When the request comes to the internal router, it routes the traffic to the service router that will then forward the request to the target cluster.
The Signadot proxy server periodically pulls the IP lists for all services from the xDS-server endpoint. Once a developer runs Signadot CLI on their local machine, the CLI pulls the IP lists from the Signadot proxy server and stores one IP for each service in the local/etc/hosts file.
Now developers can send requests to any service across multiple clusters from their local workstations. This efficient design negates concern about local requests overwhelming the internal DNS server.
Blue arrows in the diagram show how our system propagates a request from the local workstation to Cluster 2:
- A developer's local workstation connects to Cluster 1 and runs Signadot CLI. A developer sends requests to service B's endpoint with its global URL. At this point, the local workstation knows the IP of the internal router. The local workstation makes a request to service B with one of the IPs. The request is sent to the Signadot proxy server in Cluster 1 through a TCP tunnel made by the Signadot CLI.
- Then the Signadot proxy server routes the request to an internal router. The router is implemented using an Envoy proxy.
- The internal router then routes the traffic to a service router.
- The service router ultimately forwards the request to service B running inside Cluster 2, successfully completing a developer's request to service B.
In this example, a developer is sending a request through Cluster 1. Note that developers can choose which cluster to connect to and therefore can send requests through any cluster. Now developers can test their local code by connecting to dependencies in any cluster.
Other alternative solutions we considered
We considered Telepresence, which provides a fast feedback loop similar to the one discussed in this post. While it is a great solution, we decided to use Signadot because:
- Telepresence requires the use of its sidecar for intercepting requests and routing them to developer workstations. This sidecar conflicts with our compute infrastructure where we built a custom service mesh solution using envoy sidecars. So we decided to leverage Signadot SDKs to build the intercepting mechanism in our custom service mesh solution.
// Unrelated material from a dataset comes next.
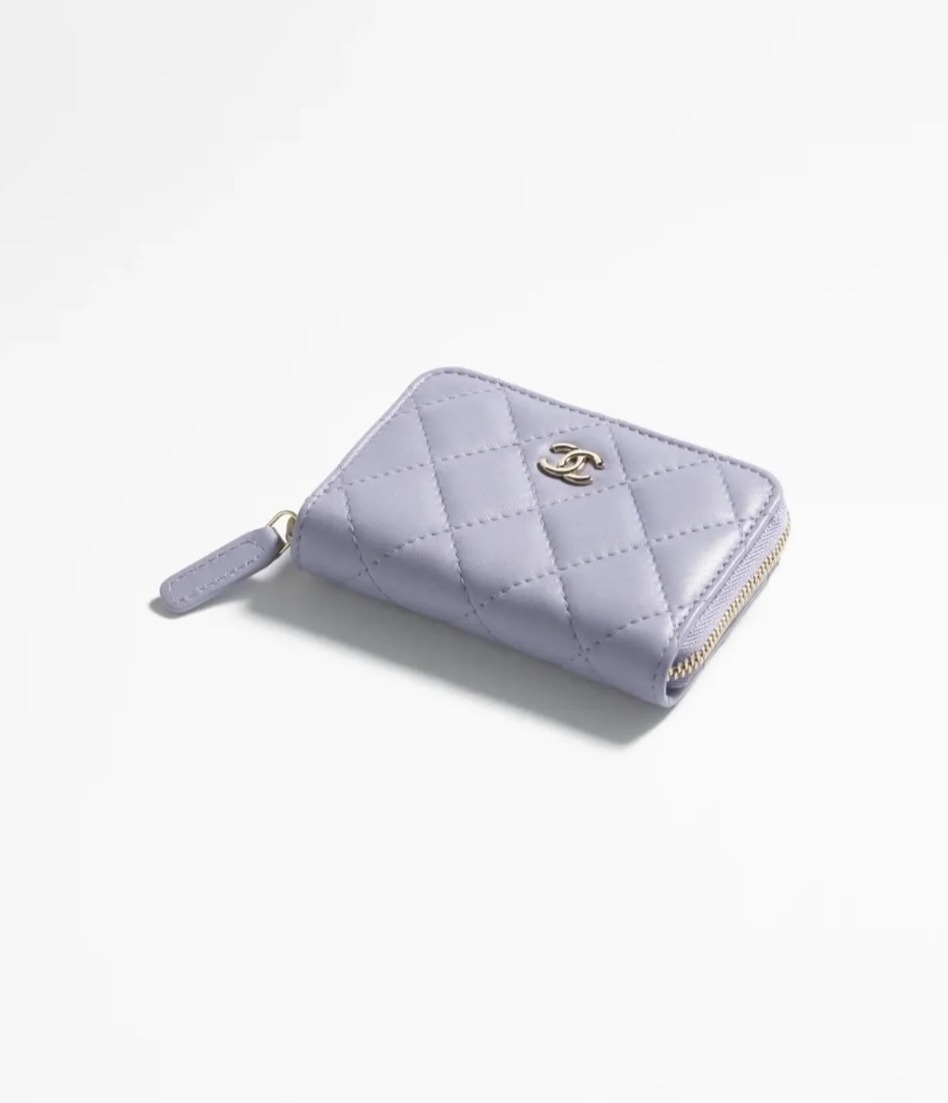 【定番&大人気♪】CHANEL ジップコインパース 折りたたみ財布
- We needed guardrails applied to the requests originating from the developer workstations, but Telepresence lacks that capability.
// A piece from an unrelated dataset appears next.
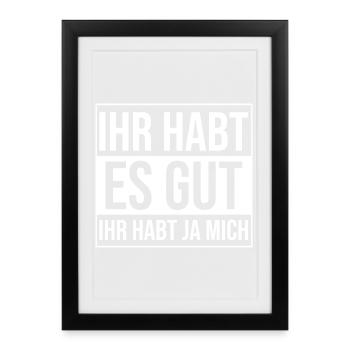 Tu as bien joué, tu m’as eu - Affiche encadrée (27 × 37 cm) - noir - Devant
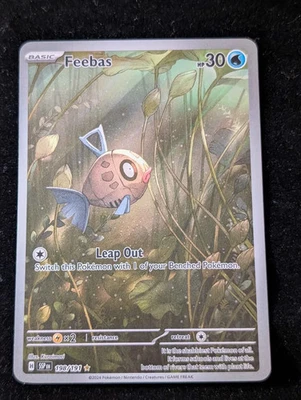 Feebas 198/191 - Sv08: Surging Sparks Holo NM Pokemon TCG - Image 1 of 2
- We integrated Signadot with an internal xDS-server to support multi-cluster architecture, another capability that Telepresence lacks.
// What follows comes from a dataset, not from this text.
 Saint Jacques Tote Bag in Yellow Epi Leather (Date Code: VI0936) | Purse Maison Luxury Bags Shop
One other alternative would be to move development to remote workstations. While this is a viable idea, we decided to pursue the solution we describe here because:
- Building remote development is costly because it requires extra hardware.
- Building remote development is time-consuming because of the need for multiple integrations with our environment.
Even with remote workstations, we still need the same production guardrails through tenancy and support for multi-cluster architecture as discussed earlier. Using Signadot has helped us reap benefits quickly while providing the flexibility to reuse the same building blocks for future remote development solutions.
Many development teams are slowed down by unreliable or slow feedback loops. The Signadot and multi-tenancy solution we describe here is suitable for companies that are growing very rapidly and need to develop product features quickly with high reliability.
Our new fast feedback loop has increased developer velocity by reducing the time to deploy code to the Kubernetes cluster more frequently; increased reliability because developers can easily test their code during the development phase, and boosted production safety through standardization and guardrails.